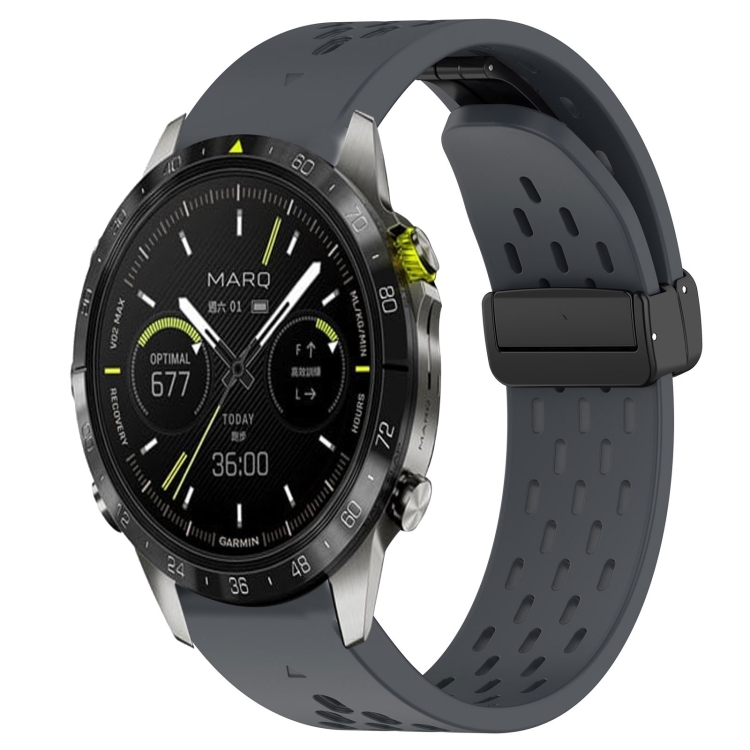 Levně AIRY Silikonový řemínek pro Garmin Epix Pro Gen 2 47mm šedý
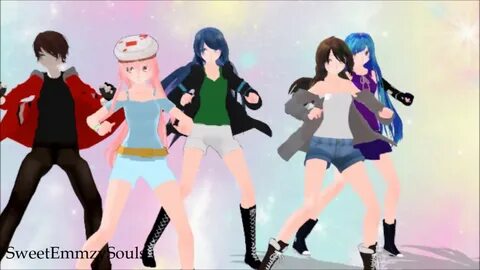 MMD Funneh, Rainbow, Lunar, Gold, Draco Talk Dirty Requested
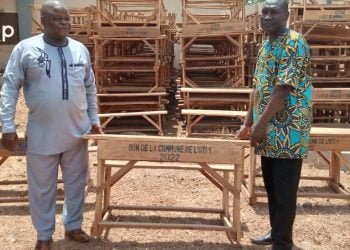 Éducation : la commune Oti 1 offre 229 tables-bancs à 12 établissements primaires publics de l’IEPP-Oti nord.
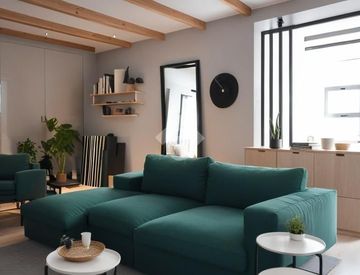 Soggiorno - Casa bifamiliare, trifamiliare in Vendita in Via XXIV Maggio 20 a Lonate Pozzolo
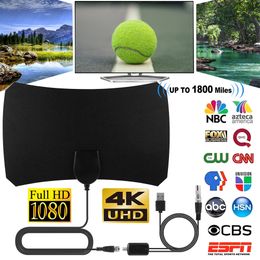 1800 Miles 1080P intérieur TV numérique HDTV antenne rayon Surf Fox antennes récepteur amplificateur Mini DVB-T/T2 antenne UHF VHF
● ● ● ● ●
- EXERCISE BRIEF
Every line from the one containing "Éducation : la" through the end of the listing is to be copied exactly; the pictures are not.

- EXERCISE RESPONSE
 Éducation : la commune Oti 1 offre 229 tables-bancs à 12 établissements primaires publics de l’IEPP-Oti nord.
 Soggiorno - Casa bifamiliare, trifamiliare in Vendita in Via XXIV Maggio 20 a Lonate Pozzolo
 1800 Miles 1080P intérieur TV numérique HDTV antenne rayon Surf Fox antennes récepteur amplificateur Mini DVB-T/T2 antenne UHF VHF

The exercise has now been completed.